## WHAT YOU NEED TO DO
Copy the listing in full and exactly, omitting its images.

## SOURCE MATERIAL

• • • •

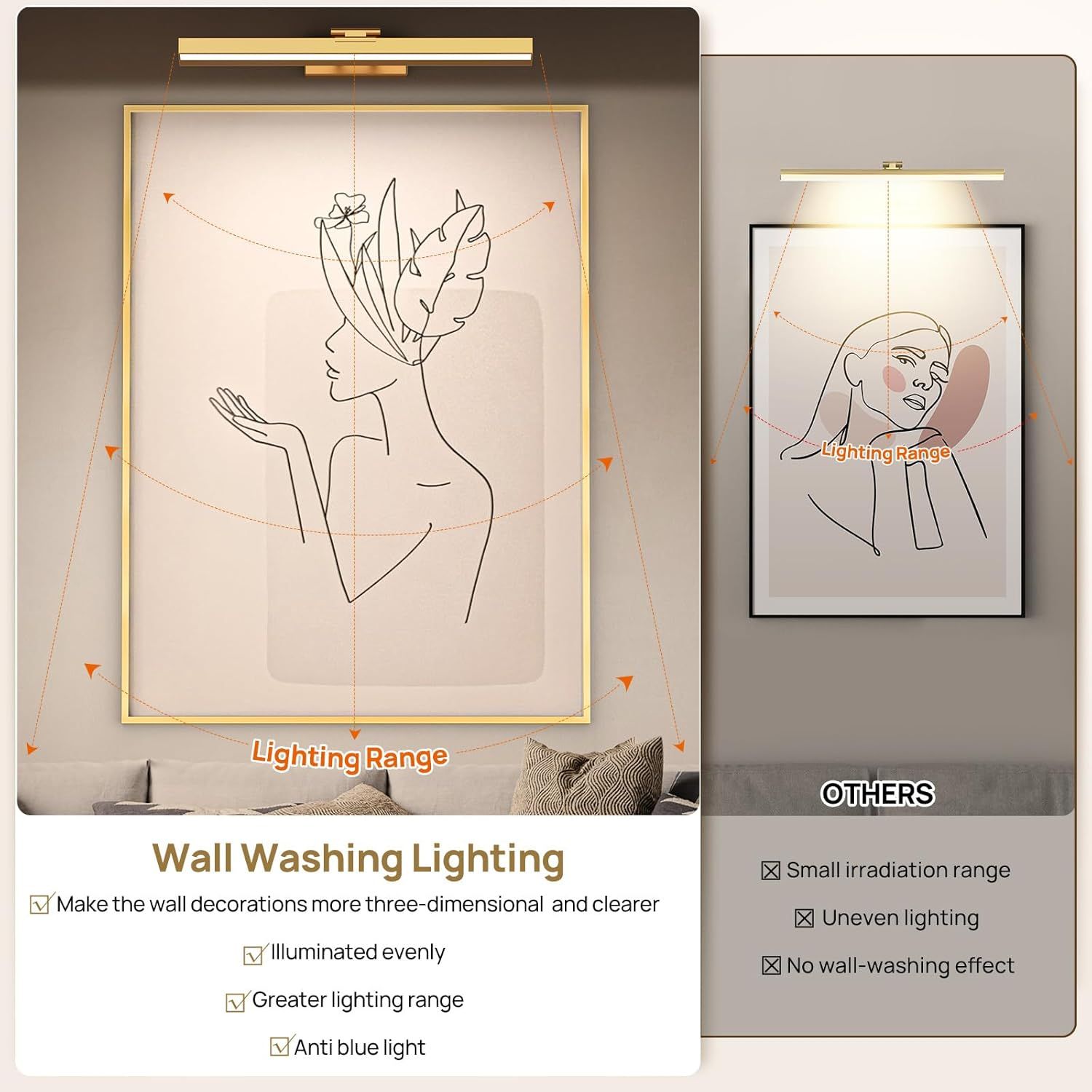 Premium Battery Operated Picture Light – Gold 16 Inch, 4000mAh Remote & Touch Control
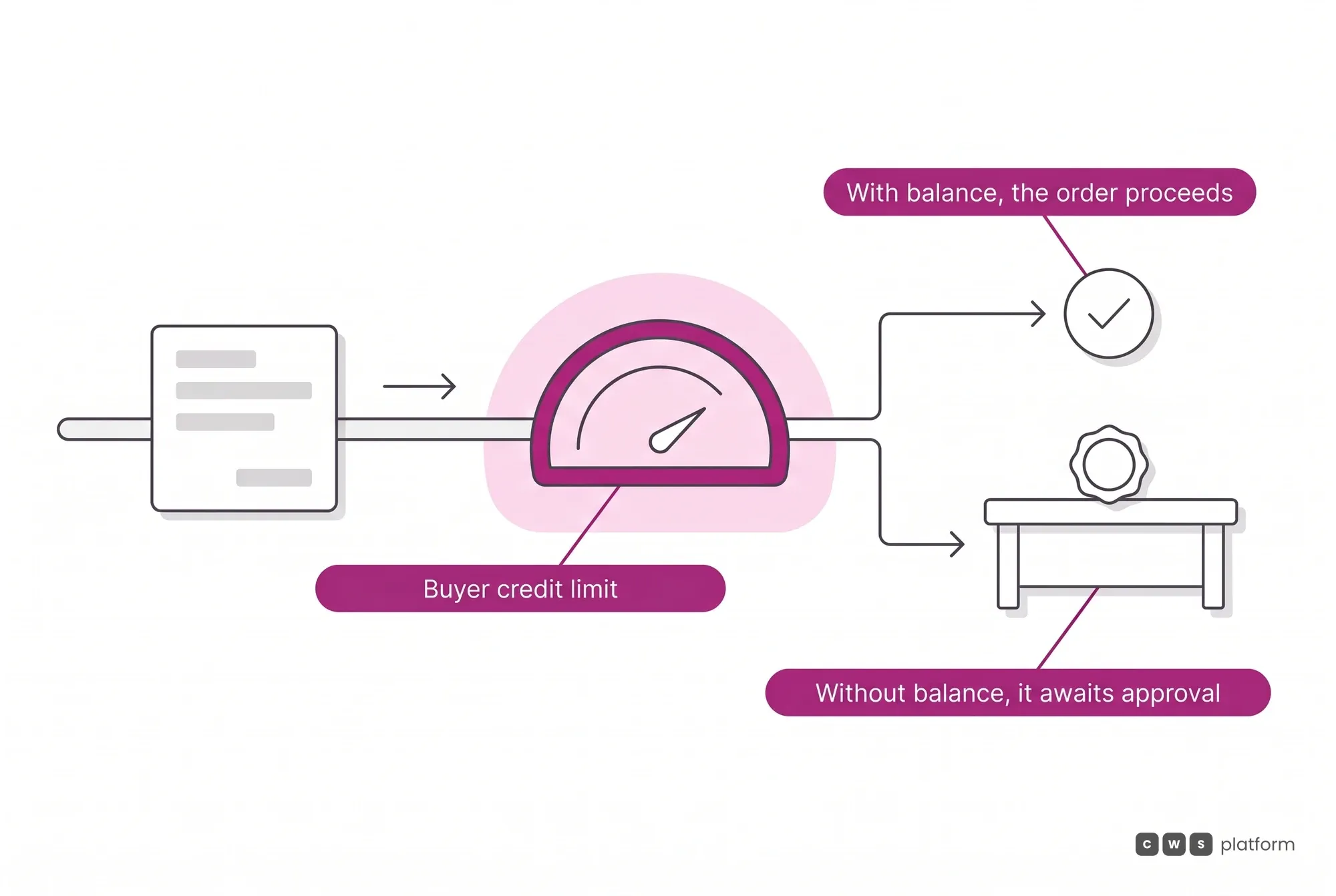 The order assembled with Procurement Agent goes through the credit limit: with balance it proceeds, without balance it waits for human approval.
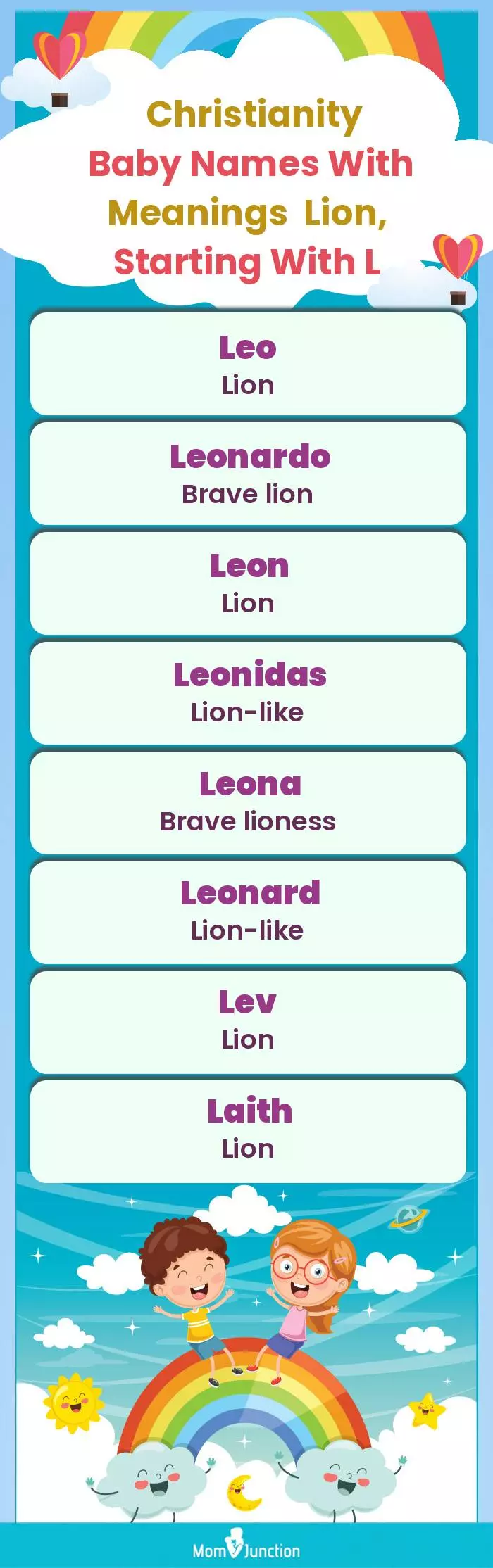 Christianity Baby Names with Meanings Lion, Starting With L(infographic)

• • • •

## SOLUTION TO THIS PROBLEM
 Premium Battery Operated Picture Light – Gold 16 Inch, 4000mAh Remote & Touch Control
 The order assembled with Procurement Agent goes through the credit limit: with balance it proceeds, without balance it waits for human approval.
 Christianity Baby Names with Meanings Lion, Starting With L(infographic)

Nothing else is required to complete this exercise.